Problem requirements: In the listing that follows, find the line with "Thông tin mới", then copy exactly from it through the line with "Drinks Bottle ST", leaving out every picture.

Task inputs:
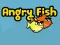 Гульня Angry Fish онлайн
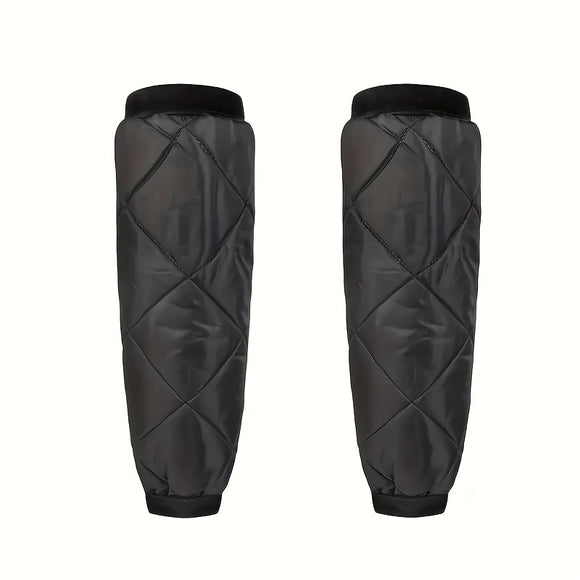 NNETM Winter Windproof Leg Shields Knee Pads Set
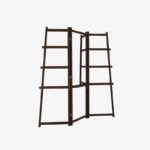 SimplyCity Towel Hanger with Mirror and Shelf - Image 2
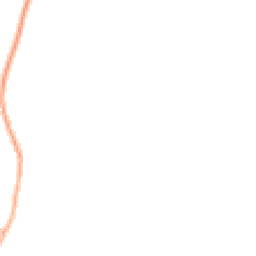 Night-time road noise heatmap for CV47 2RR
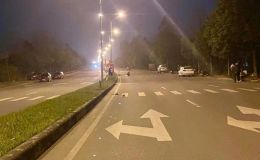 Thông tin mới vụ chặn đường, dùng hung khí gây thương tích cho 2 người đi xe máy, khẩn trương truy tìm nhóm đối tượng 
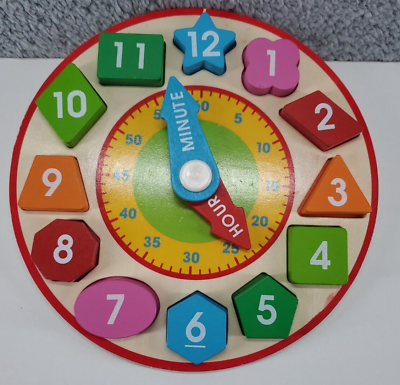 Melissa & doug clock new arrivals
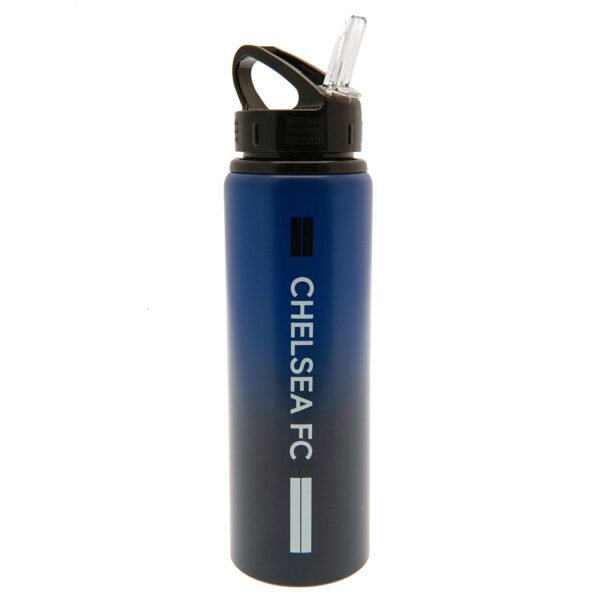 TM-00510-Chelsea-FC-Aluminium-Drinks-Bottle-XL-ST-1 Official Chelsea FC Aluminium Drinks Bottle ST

==

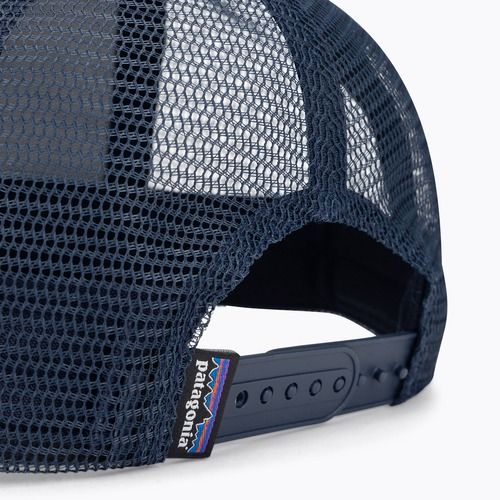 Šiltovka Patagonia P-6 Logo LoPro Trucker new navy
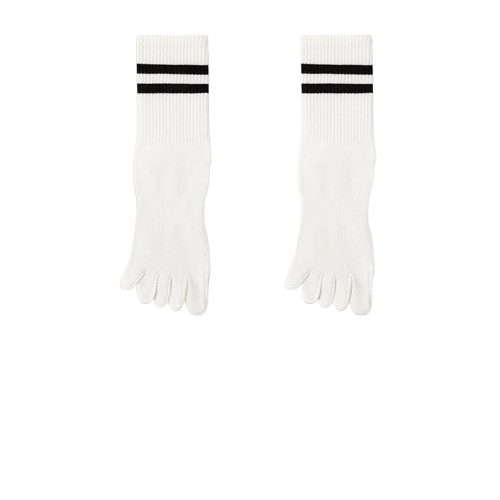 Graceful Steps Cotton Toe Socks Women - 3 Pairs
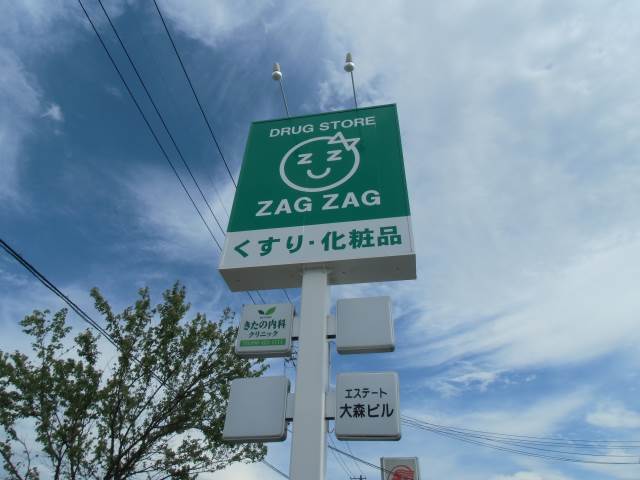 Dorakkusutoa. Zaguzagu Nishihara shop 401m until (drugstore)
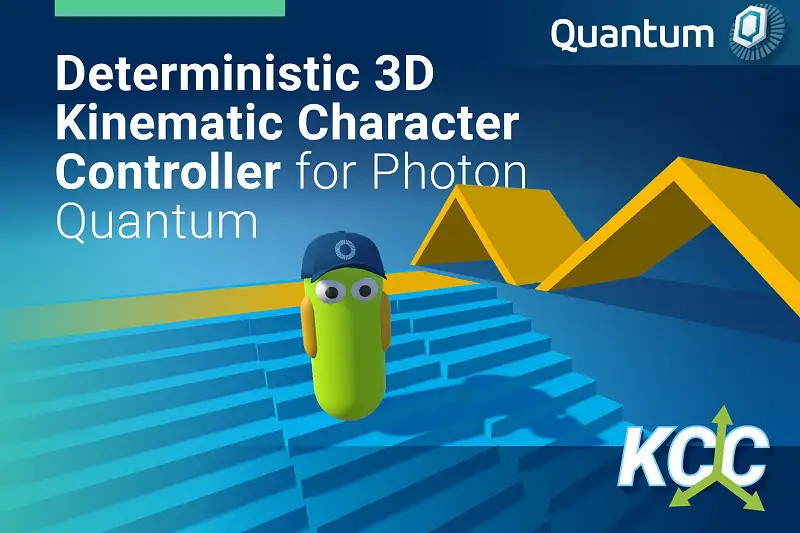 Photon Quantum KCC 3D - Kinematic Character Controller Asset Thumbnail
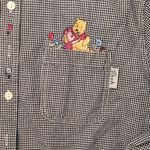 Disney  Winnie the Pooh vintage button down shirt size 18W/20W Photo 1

---

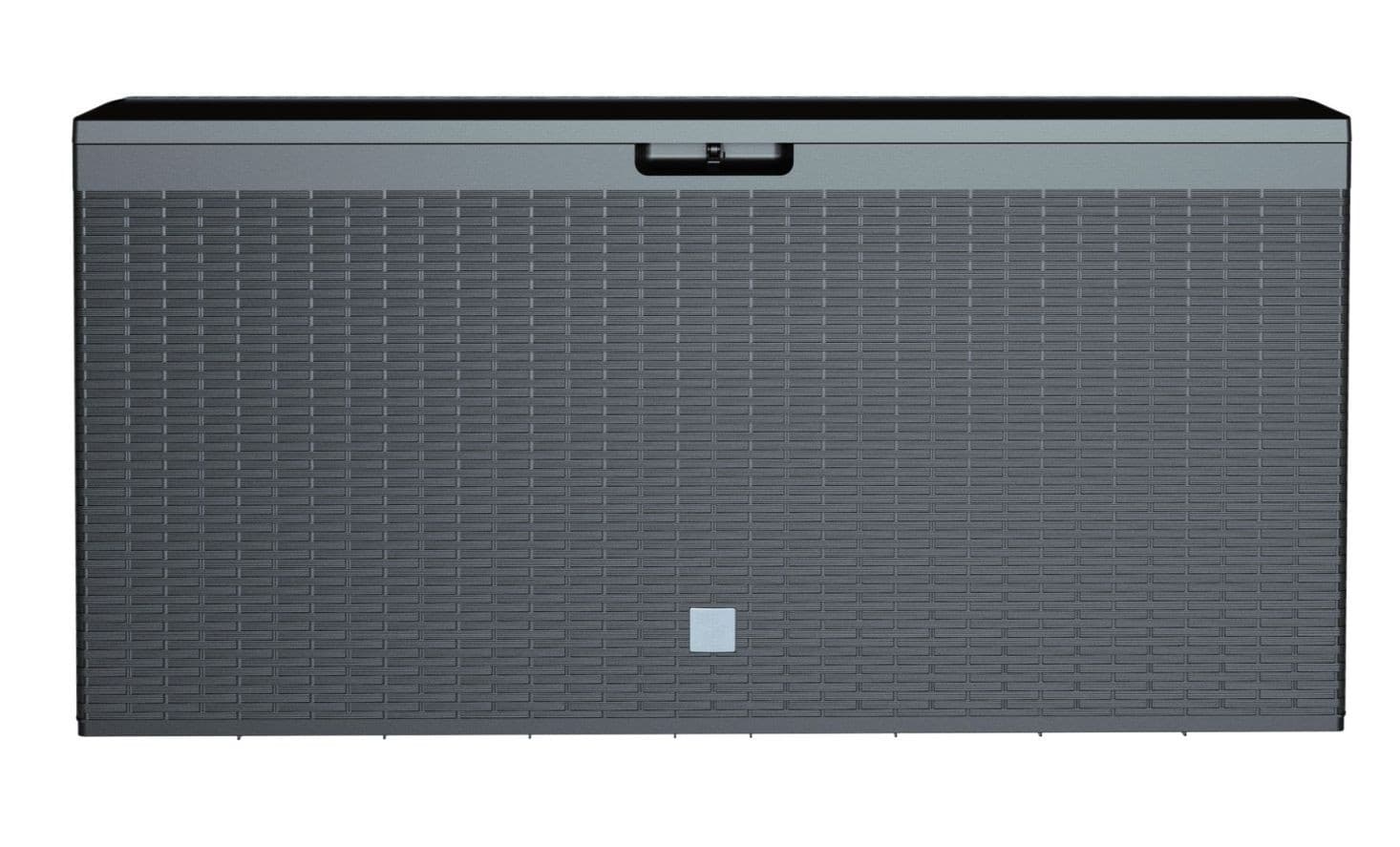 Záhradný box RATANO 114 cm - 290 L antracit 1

Response below:
 Thông tin mới vụ chặn đường, dùng hung khí gây thương tích cho 2 người đi xe máy, khẩn trương truy tìm nhóm đối tượng 
 Melissa & doug clock new arrivals
 TM-00510-Chelsea-FC-Aluminium-Drinks-Bottle-XL-ST-1 Official Chelsea FC Aluminium Drinks Bottle ST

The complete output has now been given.